Eligibility.  An 11-year-old Student was previously found eligible for special education under the category of SLD, based upon both visual and auditory processing disorders while enrolled in the Los Angeles Unified School District.  The District contended that a subsequent reassessment showed that Student was no longer eligible for special education as a child with a Specific Learning Disability or under any other disability category under the IDEA. Parent disagreed with the eligibility determination and refused to consent to the IEP in which the District recommended that Student be exited from the special education program. The assessment further concluded that Student no longer met the eligibility criteria for special education services as a Student with SLD, and that Student did not meet the eligibility criteria as a Student with ED or OHI. The assessment recommended the IEP team consider Student be placed in general education with monitoring by Student Study Team to possibly implement behavior supports.

CHULA VISTA ELEMENTARY SCHOOL DISTRICT, No. N2006100142 (107 LRP 21593) (3/21/07)

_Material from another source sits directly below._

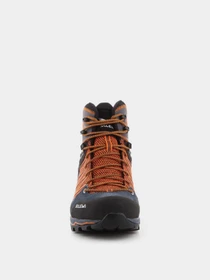 Ботинки и сапоги Salewa MTN Trainer Lite Mid модель 61359 0927 Фото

Assessments/IEP Members.  Due to the District's failure to complete assessments, it could not determine all of Student's unique needs and propose appropriate goals and objectives. As a result, the District was unable to offer a placement that would provide some educational benefit. The failure to complete the assessments deprived Student of educational benefits and/or opportunities, and impeded her right to a FAPE.  The District’s failure to attempt to secure the participation of Student's private school teacher and a general education teacher in the IEP process significantly impeded the opportunity of Student's mother to participate in the IEP process, denied educational benefits or opportunity to Student, and impeded Student's right to a FAPE. This resulted in a substantive denial of FAPE to Student.

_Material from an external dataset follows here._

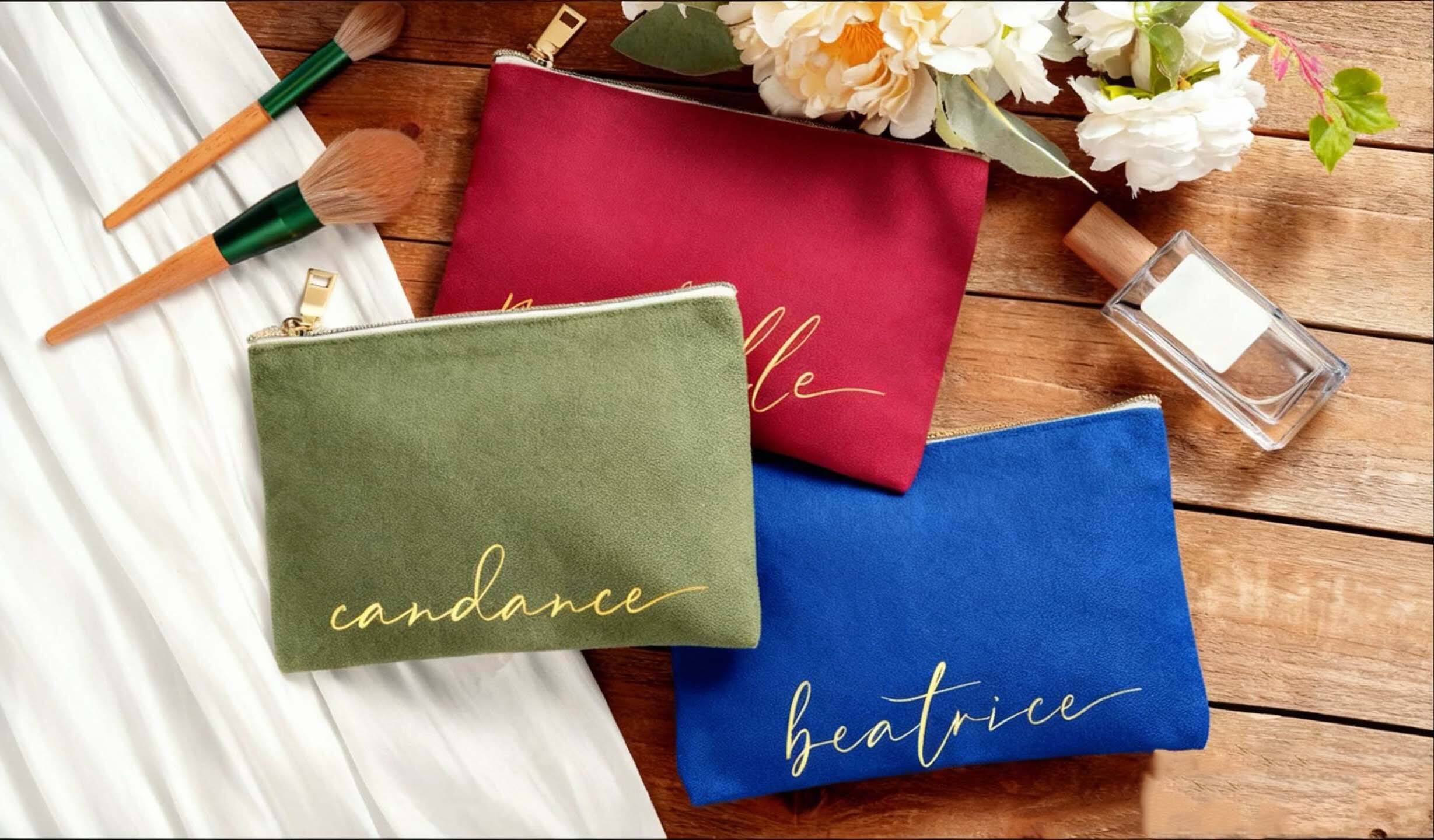 Инновационный дизайн и функциональность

HEMET UNIFIED SCHOOL DISTRICT and RIVERSIDE COUNTY MENTAL HEALTH, No. N2006030928, N2006120513 (107 LRP 21577) (3/20/07)

Assessments/Placement.  The District conducted proper assessments before reducing the services of Student and did not initiate a change in placement to a more restrictive setting without IEP team input.  Though the District offered an appropriate placement, it did not offer instruction and services to meet Student's unique needs.  The District was required to fund 60 minutes of occupational therapy per week in a clinic setting, for a period of six months.

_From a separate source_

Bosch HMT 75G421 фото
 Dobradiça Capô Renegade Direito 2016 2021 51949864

IRVINE UNIFIED SCHOOL DISTRICT, No. N2006020259 (107 LRP 21575) (3/19/07)

Assessments.  The District was entitled to reassess a 20-year-old Student with autism, even though Parent thought the assessment could harm the Student because it might disrupt his schedule and cause him stress. The District showed that conditions warranted an assessment of Student and that it needs current information regarding Student in order to provide an appropriate educational plan. The District accommodated the Parent’s concerns by arranging to have the assessors work in the evening hours at Student's home.

Office for Civil Rights

ELK GROVE UNIFIED SCHOOL DISTRICT, No. 09-06-1089 (106 LRP 36048) (9/01/06)

The complaint alleged that the District would not implement a provision in the Student’s Section 504 plan that called for having trained diabetes personnel available during off-campus school activities. OCR subsequently learned that the District and the complainant held a Section 504 meeting, and revised the Student's Section 504 plan, which addressed and resolved and complaint.

SAN JOSE UNIFIED SCHOOL DISTRICT, No. 09-06-1091 (46 IDELR 286) (7/31/06) 

The District did not discriminate against a 12th-grader with urinary incontinence by failing to evaluate him for special education, or by excluding him from the District's regular education program. The District had no knowledge of the student's medical condition when it decided to place him in a non-traditional high school. Because the student did not have an accommodation plan in place at the time of the transfer, the transfer was not a "significant change in placement" requiring an evaluation.